Product Images Pregabalin Capsules, Cv
View Photos of Packaging, Labels & Appearance
Product Label Images
The following 15 images provide visual information about the product associated with Pregabalin Capsules, Cv NDC 50090-5938 by A-s Medication Solutions, such as packaging, labeling, and the appearance of the drug itself. This resource could be helpful for medical professionals, pharmacists, and patients seeking to verify medication information and ensure they have the correct product.

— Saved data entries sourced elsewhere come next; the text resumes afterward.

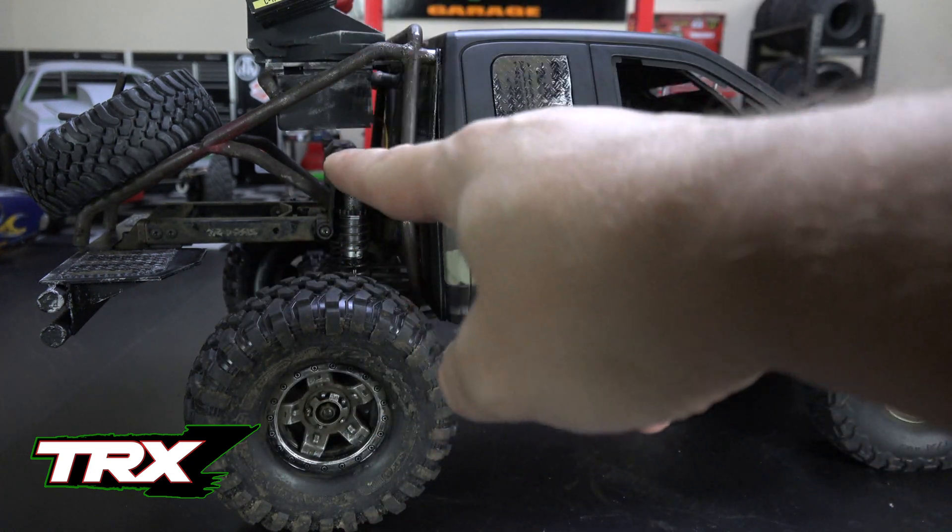I also went in and added some silver to the back wheel and I think that worked out well. It really makes those back wheels pop. With the rust and the dirt, that silver really makes the wheels stand out now. I like how that looks.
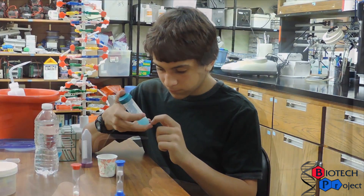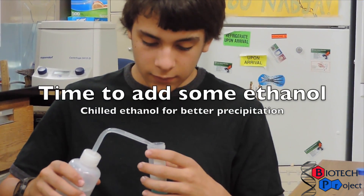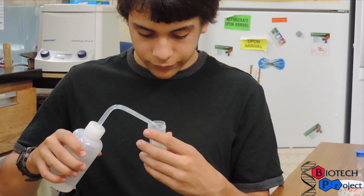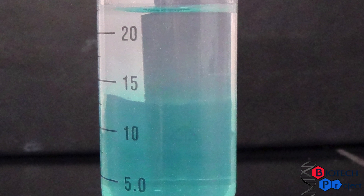Can you see our DNA? Not yet. We add chilled ethanol to make our DNA precipitate. DNA doesn't like to be dissolved in ethanol. When the DNA comes into contact with chilled ethanol between the two layers, DNA comes out of solution and wicks out.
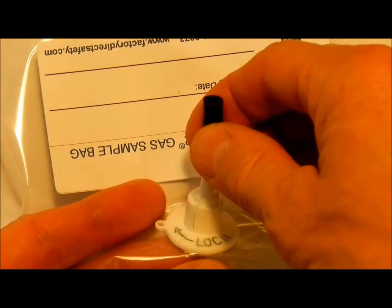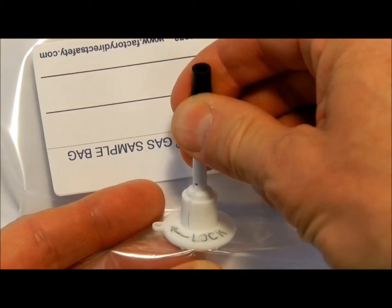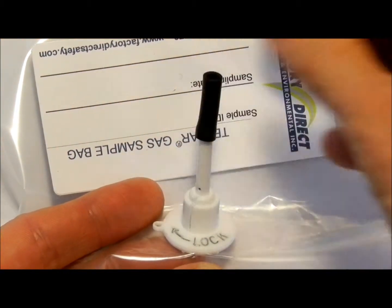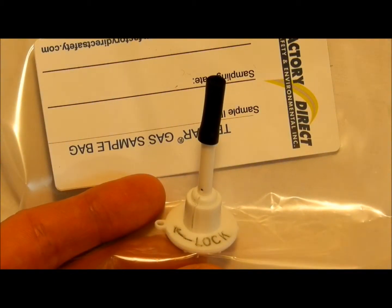To close the bag, pull up and rotate the dot until it aligns with the lines into the lock position. This seals the bag from having gas escape or enter.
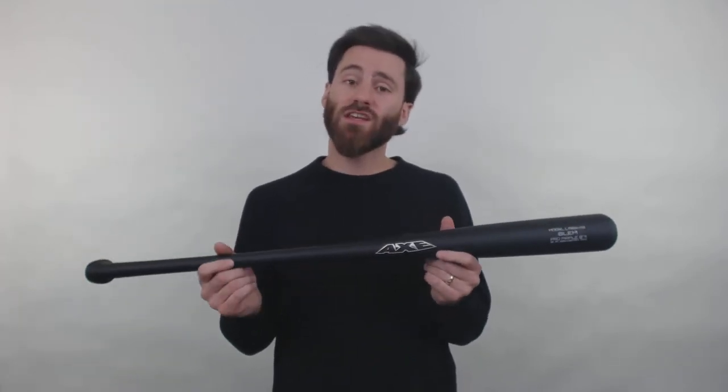What's up hitters? It's Ben from Just Bats. I got the Axe 271 Blem Maple Wood Baseball Bats. These are really cool blem bats that we were able to get from Axe.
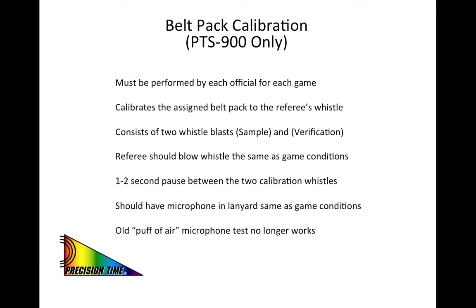For those officials using the new PTS-900 system, this slide covers some of the important highlights regarding the new calibration procedure. This calibration must be performed by each official before each game to calibrate the assigned belt pack to that referee's whistle. The calibration consists of two whistle blasts: the first being the sample that will become the reference point for stopping the clock in game, and the second whistle which determines if the first whistle is a reproducible sample. Each referee should blow the whistle the same as game conditions during this calibration. There shall be a one to two second pause between the two calibration whistles.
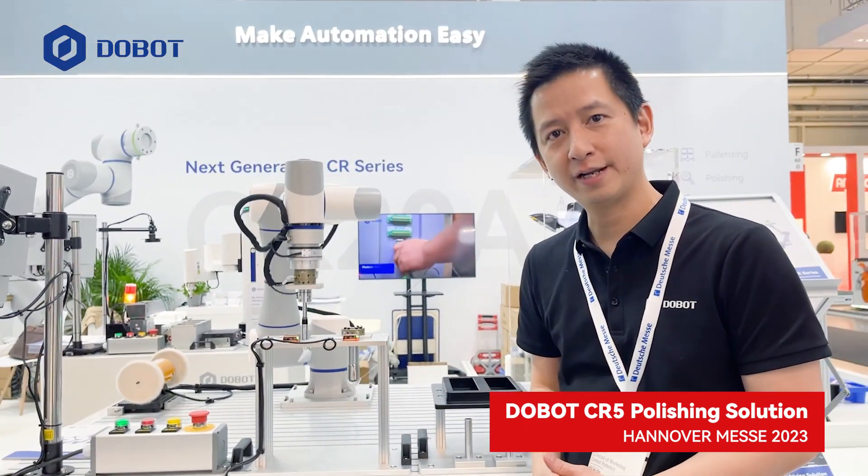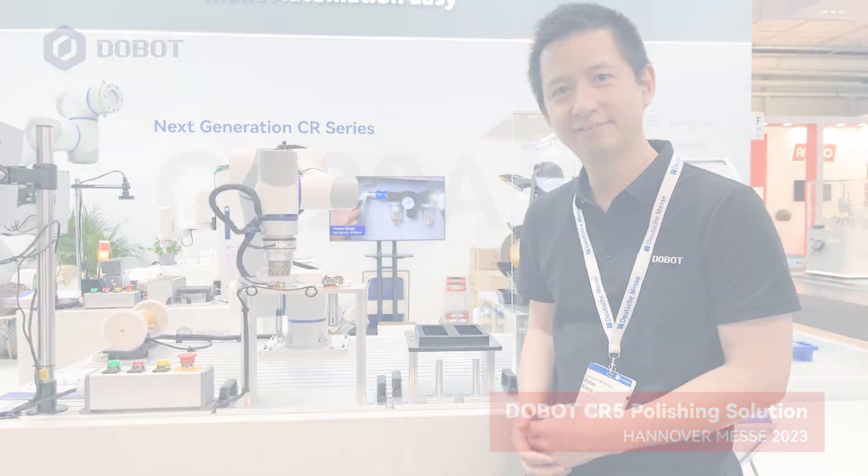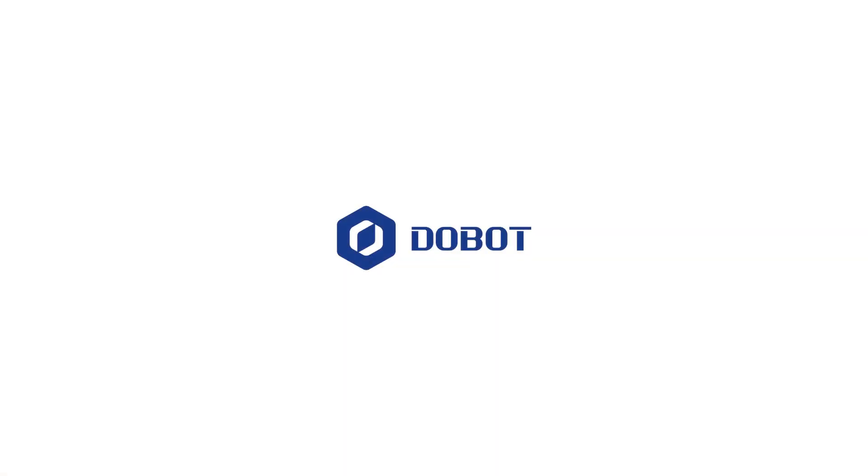I hope you enjoyed our demo and thank you for watching. We'll see you next time.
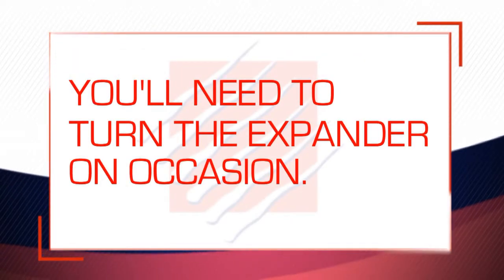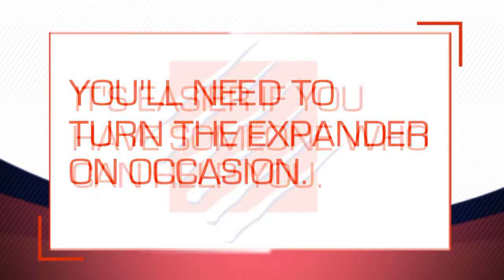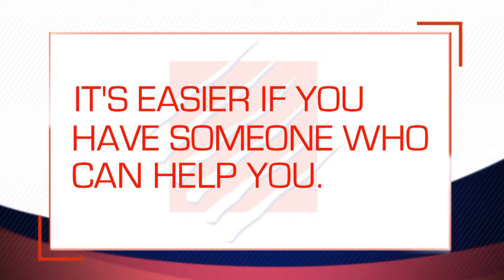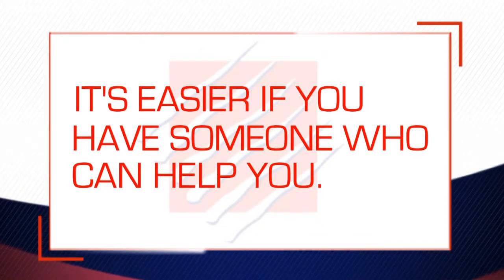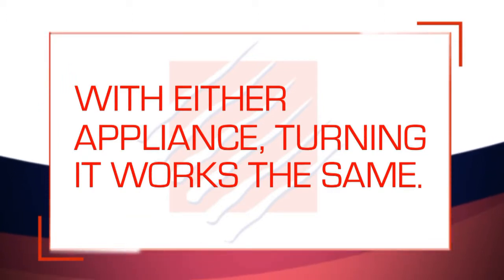As you've been told, you'll need to turn the appliance on occasion. Turning it yourself can be kind of difficult sometimes, but if you have someone who can help you, it's actually very quick and easy. With either appliance, turning it works just the same. Here's how to do it.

This appears to be a formula used for estimating creatinine clearance (CL) in adults based on their age, weight, and serum creatinine levels. The formula includes a variable for gender (represented by a factor of 0.85 for females), which suggests that it may be used differently for male and female patients. However, without additional context it is difficult to provide a more specific description or explanation of its use.*
This document appears to be a graph of patient improvement percentages related to pain. The x-axis lists numerical values ranging from 210 to 290, while the y-axis displays percentages ranging from 0 to 100. The title of the graph is "Percent Improvement in Pain from Baseline," and it appears that patient improvement percentages are plotted in relationship to various values on the x-axis. However, the text in the middle of the graph is not readable and may be a result of an error in .*
This document appears to be a chart or graph displaying responder rates in a study. It shows a 60% responder rate and three additional percentages: 40.6%, 29.1%, and 226%. The chart also mentions a placebo and two dosage levels of medication, with percentages labeled as 2.5 and 10 mglkglday. It is unclear what the percentages labeled as "9" and "103 %" refer to.*
This is a chart that shows the percent of patients who improved from baseline pain levels for different doses of pregabalin and placebo. The chart includes values up to 100% improvement in pain and is not providing any additional information on the study or condition being treated.*
* The product label images have been analyzed using a combination of traditional computing and machine learning techniques. It should be noted that the descriptions provided may not be entirely accurate as they are experimental in nature. Use the information in this page at your own discretion and risk.